Während im normalen Leben Nacktheit Aufsehen, gar Entsetzen oder Beschwerden hervorrruft, fielen hier eher die noch bekleideten Neuankömmlinge auf, die sich ihren Platz suchten. Die angenehme Tatsache, dass man als Nackter unter Nackten in der Masse untergeht und mehr oder weniger uninteressant für die Anderen wird, erleichterte mir meinen ungewohnten Zustand und mehr noch, sie erlaubte es mir, ihn ungeniert zu genießen. Der Schritt aus der eigenen Komfortzone hat sich für mich definitv gelohnt!
Nette Kontakte, von denen in anderen Erfahrungsberichten die Rede war, konnte ich zwar leider (noch) nicht knüpfen, aber ich war ja auch erst zweimal und jeweils nur für ein paar Stunden dort. Begegnungen auf dem Weg um den See fielen dann doch eher knapp und reserviert aus, so besonders kontaktfreudig bin ich im normalen Leben auch nicht und in dieser für mich ungewohnten Situation erst recht nicht. Man will sich ja schließlich auch niemandem aufdrängen.

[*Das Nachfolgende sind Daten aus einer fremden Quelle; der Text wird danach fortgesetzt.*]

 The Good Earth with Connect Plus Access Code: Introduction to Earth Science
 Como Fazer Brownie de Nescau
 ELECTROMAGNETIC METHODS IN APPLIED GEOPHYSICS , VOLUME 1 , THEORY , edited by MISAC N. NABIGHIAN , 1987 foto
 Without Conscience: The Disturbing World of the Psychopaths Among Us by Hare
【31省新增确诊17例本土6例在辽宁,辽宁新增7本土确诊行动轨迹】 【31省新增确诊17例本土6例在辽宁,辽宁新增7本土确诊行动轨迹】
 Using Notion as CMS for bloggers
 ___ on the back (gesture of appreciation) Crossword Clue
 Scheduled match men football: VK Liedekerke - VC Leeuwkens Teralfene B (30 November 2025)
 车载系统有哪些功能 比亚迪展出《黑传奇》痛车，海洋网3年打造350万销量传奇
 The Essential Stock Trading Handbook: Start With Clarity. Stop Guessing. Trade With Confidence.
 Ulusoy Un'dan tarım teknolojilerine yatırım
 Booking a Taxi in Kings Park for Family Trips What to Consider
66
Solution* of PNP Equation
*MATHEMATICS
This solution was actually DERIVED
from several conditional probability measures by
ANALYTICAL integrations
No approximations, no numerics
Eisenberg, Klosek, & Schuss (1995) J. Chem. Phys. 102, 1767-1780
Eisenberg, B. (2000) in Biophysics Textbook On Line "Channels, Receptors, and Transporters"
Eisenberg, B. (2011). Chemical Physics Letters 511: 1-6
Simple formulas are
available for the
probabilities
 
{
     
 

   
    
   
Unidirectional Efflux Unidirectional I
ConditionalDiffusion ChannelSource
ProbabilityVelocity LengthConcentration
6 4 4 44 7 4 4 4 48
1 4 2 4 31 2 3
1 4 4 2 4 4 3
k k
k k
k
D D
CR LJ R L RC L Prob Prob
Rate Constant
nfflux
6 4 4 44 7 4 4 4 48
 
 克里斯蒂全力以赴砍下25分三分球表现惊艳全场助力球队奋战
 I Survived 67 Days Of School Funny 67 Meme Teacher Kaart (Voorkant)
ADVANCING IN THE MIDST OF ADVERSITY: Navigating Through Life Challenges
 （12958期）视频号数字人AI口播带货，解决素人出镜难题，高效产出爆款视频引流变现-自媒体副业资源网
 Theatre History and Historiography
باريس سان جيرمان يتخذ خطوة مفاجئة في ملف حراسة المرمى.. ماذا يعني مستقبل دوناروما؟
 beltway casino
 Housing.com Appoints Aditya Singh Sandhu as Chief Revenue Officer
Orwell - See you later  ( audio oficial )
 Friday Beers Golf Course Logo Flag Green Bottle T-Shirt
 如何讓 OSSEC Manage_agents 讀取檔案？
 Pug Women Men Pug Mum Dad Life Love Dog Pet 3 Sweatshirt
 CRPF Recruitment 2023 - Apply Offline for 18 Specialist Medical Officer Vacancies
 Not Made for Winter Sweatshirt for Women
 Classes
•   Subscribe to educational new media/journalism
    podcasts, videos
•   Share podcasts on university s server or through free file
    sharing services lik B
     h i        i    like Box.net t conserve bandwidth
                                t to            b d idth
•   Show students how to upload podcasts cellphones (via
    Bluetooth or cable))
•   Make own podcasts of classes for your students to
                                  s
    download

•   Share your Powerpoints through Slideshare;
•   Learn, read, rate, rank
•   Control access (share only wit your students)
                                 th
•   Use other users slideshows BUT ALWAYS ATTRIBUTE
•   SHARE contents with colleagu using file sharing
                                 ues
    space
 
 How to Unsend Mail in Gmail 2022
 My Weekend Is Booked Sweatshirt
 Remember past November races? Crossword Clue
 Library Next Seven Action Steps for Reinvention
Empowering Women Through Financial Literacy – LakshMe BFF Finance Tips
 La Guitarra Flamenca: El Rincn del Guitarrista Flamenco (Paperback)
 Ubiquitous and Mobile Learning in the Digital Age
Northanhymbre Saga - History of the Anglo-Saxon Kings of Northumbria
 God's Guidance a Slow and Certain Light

Unter dem Strich erlebte ich schöne, sonnige Stunden am Zieselmaarsee, die Genugtuung der Selbstüberwindung, eine ungewohnte, wie gesagt fast surreal anmutende Situation und Umgebung sowie ein überwältigendes, geradezu euphorisierendes Freiheitsgefühl. Eine Erfahrung, die auch ein neues Licht auf mein Thema Aktfotografie wirft. Tatsächlich verschiebt sich mein Fokus gerade weg von fremder, hin zu meiner eigenen Körperlichkeit und Nacktheit. Auch aus einer erfolgreichen Diät in Verbindung mit sportlicher Aktivität resultiert ein ganz neues Körper- bzw. Selbstbild und Selbstbewusstsein.